··· Information given ···
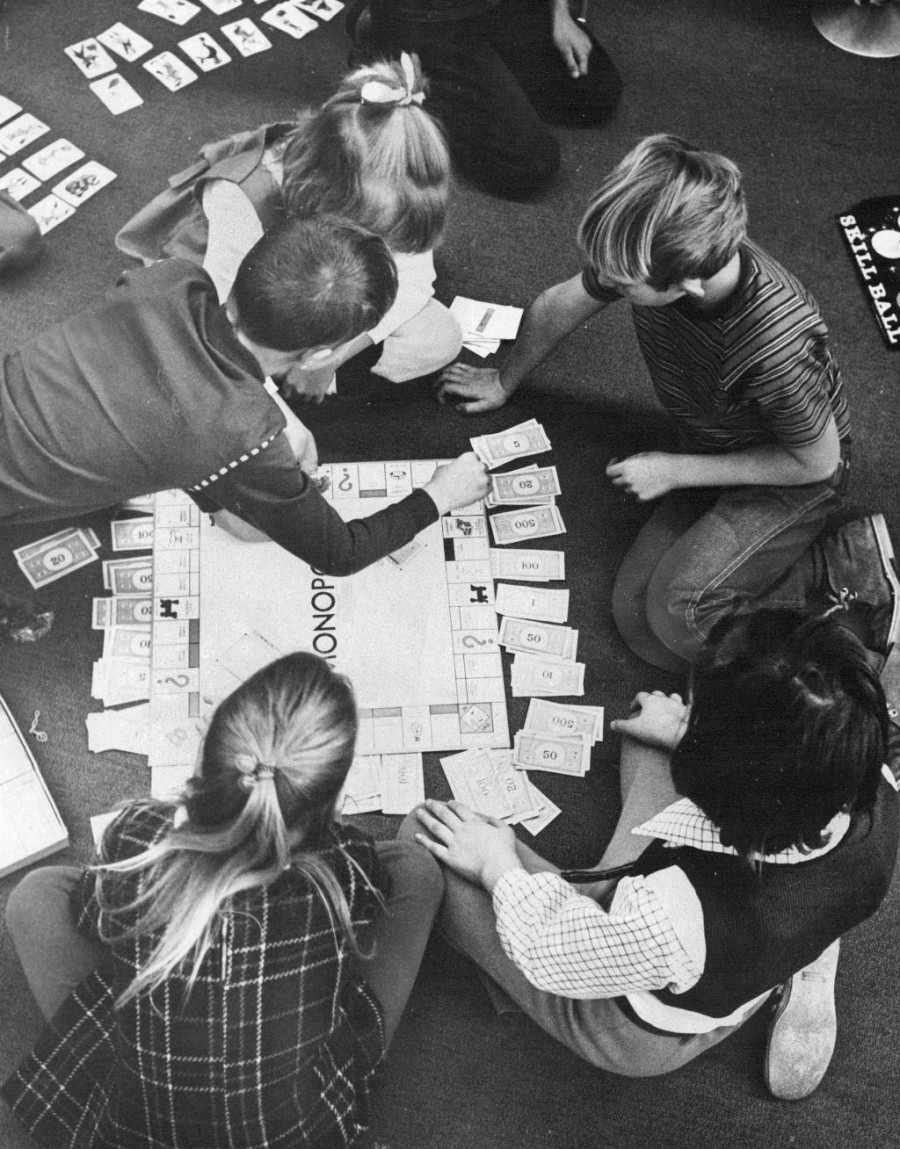 Παιδιά που παίζουν Μονόπολη το 1973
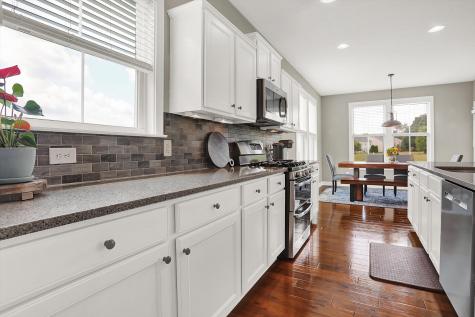 7728 Tanager Court Zionsville IN 46077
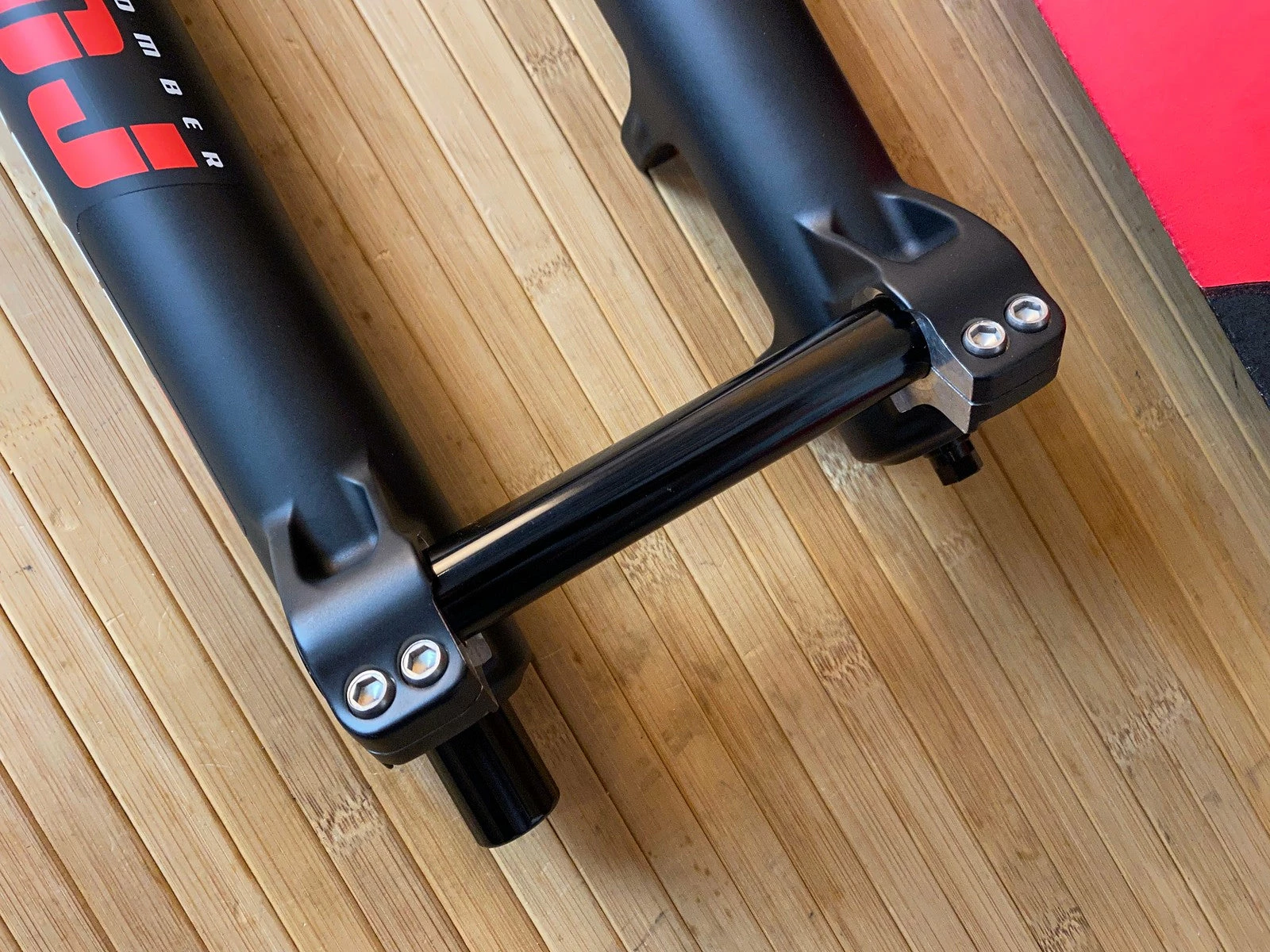 Marzocchi BOMBER DJ Schwarz 100mm / 26" Dirt Federgabel 5 Marzocchi BOMBER DJ Schwarz 100mm / 26" Dirt Federgabel – Bild 5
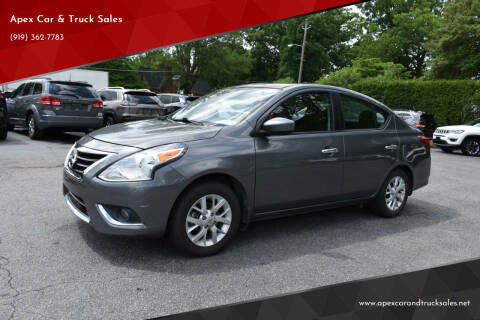 2017 Nissan Versa SV FWD photo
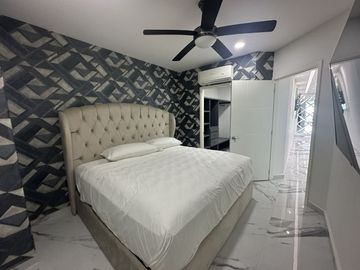 DEPARTAMENTO EN VENTA EN MAZATLAN FRENTE AL MAR (A PIE DE PLAYA) ZONA DORADA, CON ACABADOS DE LUJO, 2 RECAMARAS, VISTA ESPECTACULAR ALBERCA Y ROOF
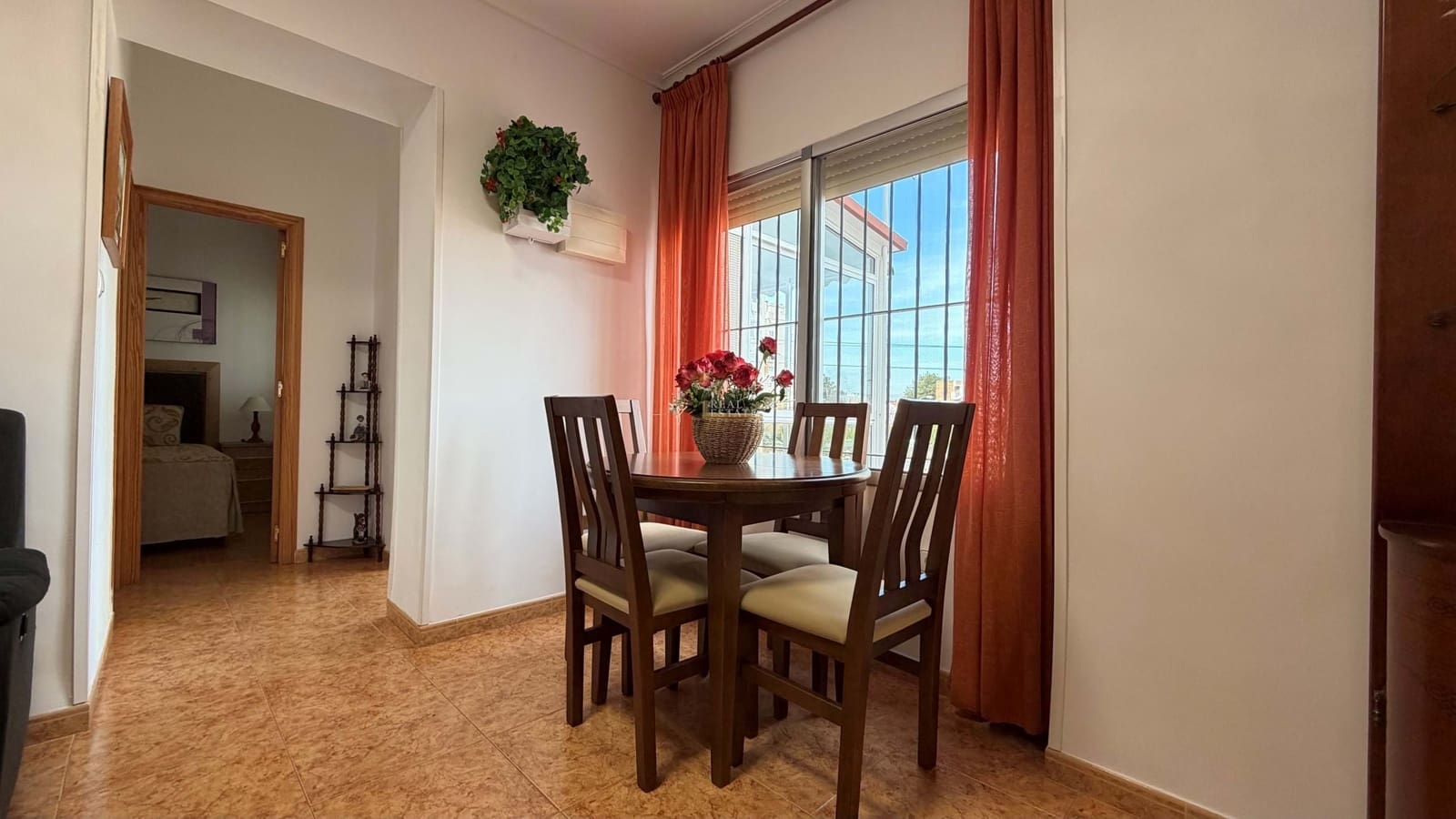 Casa de 3 habitaciones en Alicante / Alacant ciudad en venta - 359.900 € (Ref: 9638113)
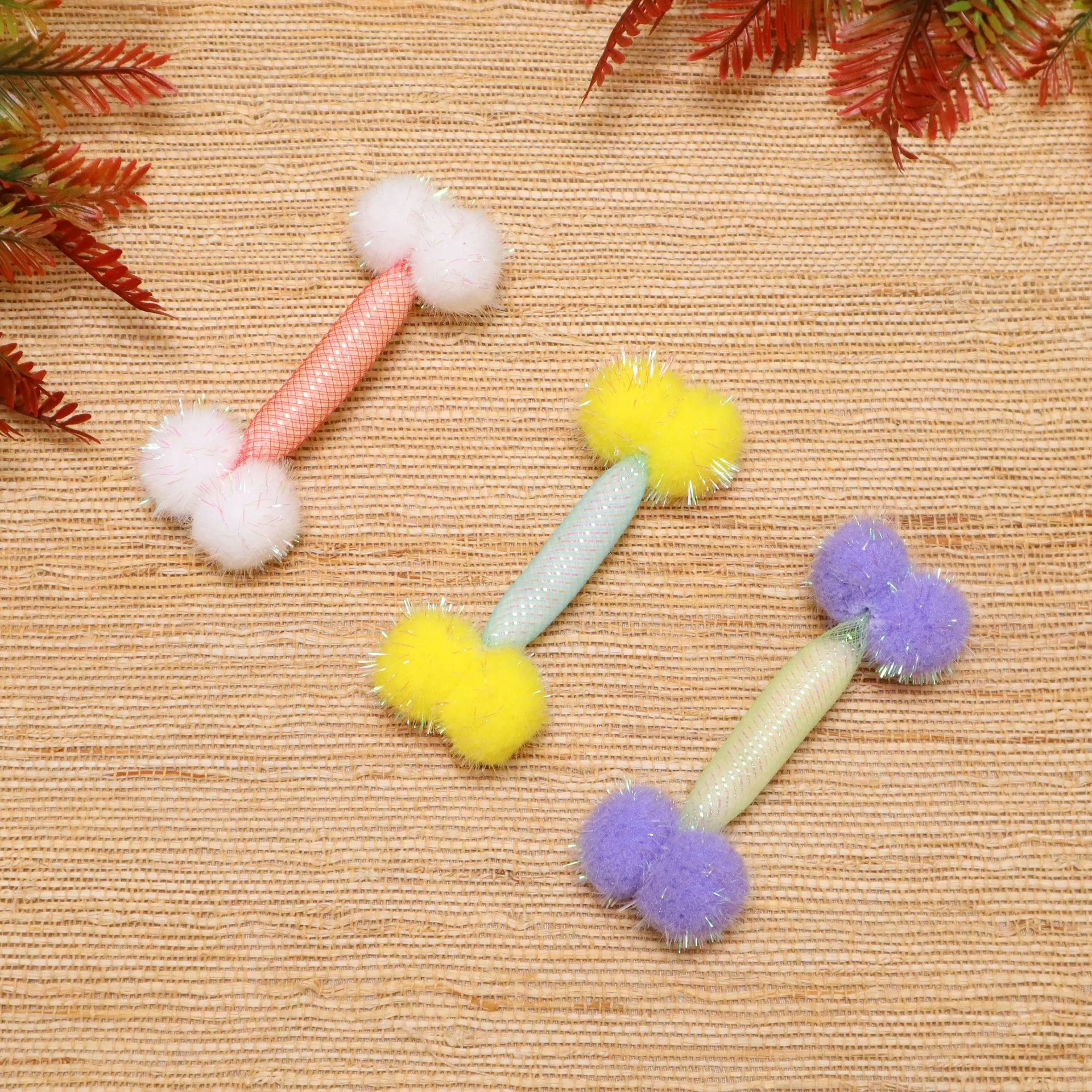 Juguete de peluche con tubo de malla para gatos - pack 2 o 3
···
## Required work
Your answer must be exactly the lines from the one with "2017 Nissan Versa SV FWD photo" through the final line of the data, with no pictures in it.

## Reply
 2017 Nissan Versa SV FWD photo
 DEPARTAMENTO EN VENTA EN MAZATLAN FRENTE AL MAR (A PIE DE PLAYA) ZONA DORADA, CON ACABADOS DE LUJO, 2 RECAMARAS, VISTA ESPECTACULAR ALBERCA Y ROOF
 Casa de 3 habitaciones en Alicante / Alacant ciudad en venta - 359.900 € (Ref: 9638113)
 Juguete de peluche con tubo de malla para gatos - pack 2 o 3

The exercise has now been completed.